The announcement came at a press conference/pep rally to open the conference’s media days in Charlotte, with the entire delegations from the conference and the Worldwide Leader in attendance.

The partnership will create an online-only digital network starting next month and a linear cable operation by 2019. ESPN and the ACC will combine to produce 600 events beginning this year, with the number rising to 1,300 by 2019.

“On behalf of the ACC Council of Presidents, Faculty Athletics Representatives and our ACC Television Committee, we are tremendously pleased to further enhance our long-term partnership with ESPN that includes the creation of the ACC Network and ACC Network Extra, and positions the conference for the long-term future,” ACC Commissioner John Swofford said in a statement. “This partnership continues to be a win-win for ESPN and the ACC. ESPN is the premier provider in sports content and this agreement will deliver unprecedented coverage to our fans, while highlighting our quality student-athletes, coaches and institutions.”

The network, which figures to be headquartered in Charlotte alongside ESPNU and the SEC Network, will show 40 football games a year and 150 basketball games.
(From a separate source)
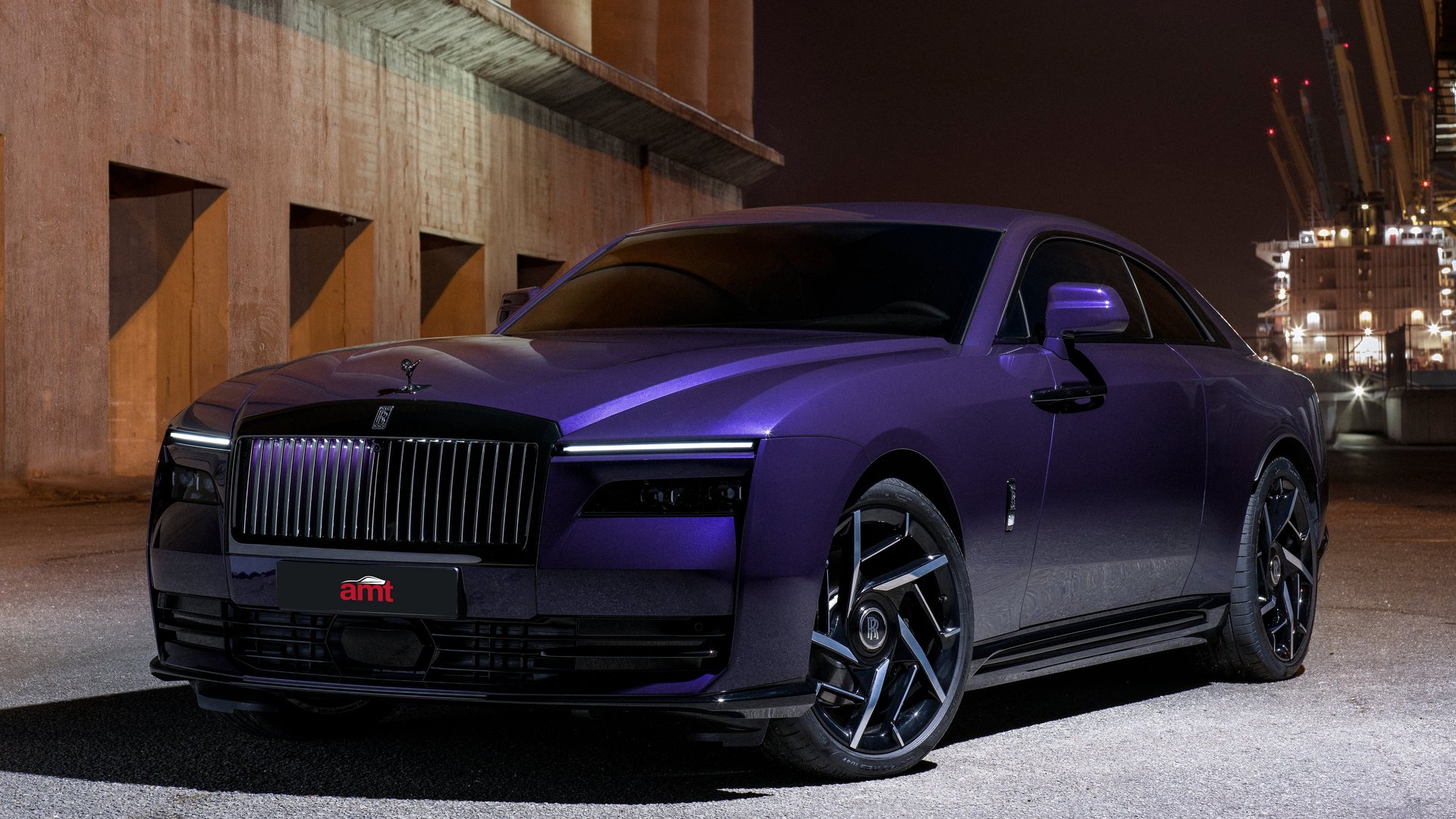 Rolls-Royce Spectre Black Badge in matte purple parked at night in an industrial setting.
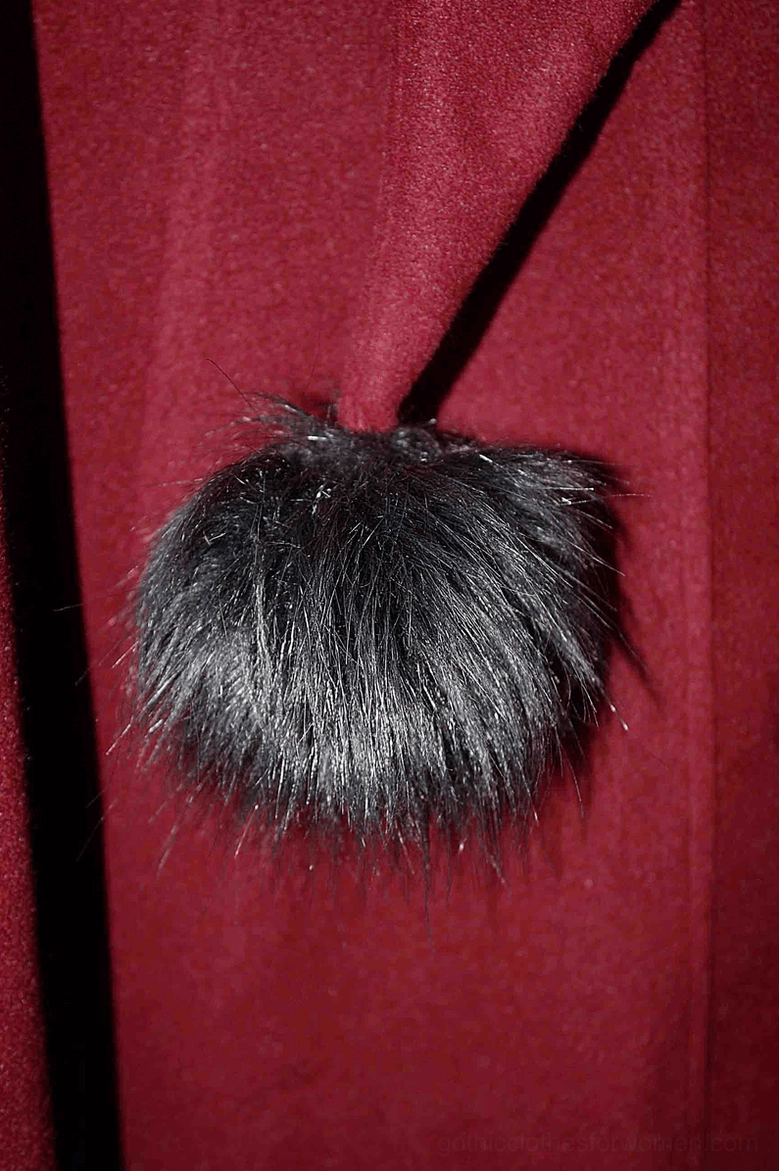 Alternative view of burgundy gothic coat showing full length silhouette and dramatic hem proportion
The conference will up its league hoops schedule to 20 games per year once the network goes live in 2019.

“We look forward to working with our longtime partners at the ACC to create a network that reflects the depth and quality of its athletes and teams, and serves the fans who passionately support them. We are proud and excited to add the ACC Network to our industry-leading college content offerings,” ESPN president John Skipper said.